Stock market crash, Monday, April 7, 2025: Benchmark Indian equity indices BSE Sensex and NSE Nifty50 crashed on Monday, April 7 and recorded one of their worst falls in the last four years. The fall is a part of a global market crash that saw Japan’s Nikkei 225 index drop 8 per cent to hit the lower circuit filter.
Back home, the Sensex crashed 3,939.68 points, or 5.22 per cent, to the intraday low of 71,425.01. The Nifty50, on the other hand, plunged 1,160.8 points, or 5.06 per cent, to an intraday low of 21,743.65 during Thursday's intra-day trade. Notably, all 30 constituent stocks of Sensex fell in the range of up to 12 per cent.
The Indian equity market crash on Thursday, April 7 came on the back of US President Donald Trump's tariff hikes and the backlash from China that imposed 34 per cent tariffs on US imports.
That said, this isn't the first time that the Indian markets have crashed this bad in a single session.
Here are some of the biggest crashes in the history of Indian equity markets along with the time markets took in recovery:
1. Covid-19 Crash (2020)
The outbreak of the global pandemic Covid-19 in 2020 caused one of the most feared stock market crashes in recent history. In the month of March 2020, the Sensex plunged from 41,000 hit a low of around 25,981 as global markets reacted to the economic shutdowns and uncertainties. However, recovery came quickly with the help of the injection of liquidity as well as lowering interest rates.
By November 2020, the Sensex had climbed back to around 41,000, marking an 8-month recovery and a 58 per cent gain from the crash low. The rally continued, and by September 2021, the Sensex scaled past 60,000, representing over a 130 per cent gain from the March 2020 low. This recovery was fueled by vaccine optimism, Foreign Institutional Investor (FII) inflows, and a surge in retail investor participation.
The northward march continued, which helped the Sensex to scale its all-time peak of 85,978.25 in September 2024.
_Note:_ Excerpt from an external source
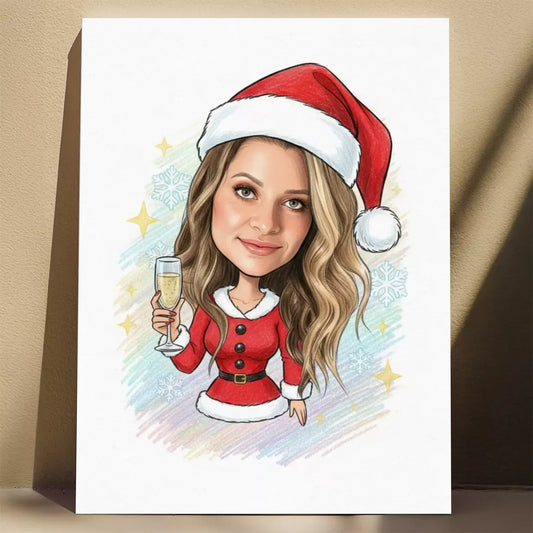 Szampańskie Mikołajki - Karykatura ze zdjęcia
| Crash Event | Bottom Level | Recovery Time | Recovery to Pre-crash Level | Total Gain from Bottom |
| COVID-19 Crash, 2020 | 25,981 | 8 months | By Nov 2020 | 58% (to pre-crash) |
| Financial Crisis, 2008 | 8,000 | 2 years | From 8,000 to 21,000 | 162% |
| Ketan Parekh Crash, 2001 | 2,594 | 3 years | By mid-2004 | 62% |
| Harshad Mehta Scam, 1992 | 2,529 | 4 years | By 1996 | 82% |
2. Global financial crisis (2008)
The Global Financial Crisis (GFC) of 2008 caused a massive stock market crash in India, with the Sensex plummeting to approximately 8,000 levels from 21,000 levels by March 2009. This was weighed down by widespread global economic turmoil, with the collapse of major financial institutions and a sharp contraction in economic activity.
The Indian market, however, began its recovery shortly after, supported by global stimulus measures and interest rate cuts. By November 2010, the Sensex had regained the 21,000 mark, a two-year recovery that represented a 162 per cent gain from the low of 8,000. The factors driving this recovery included global quantitative easing (QE), the revival of FII inflows, and a general economic rebound worldwide.
3. Ketan Parekh crash / Dot-com Bubble (2001)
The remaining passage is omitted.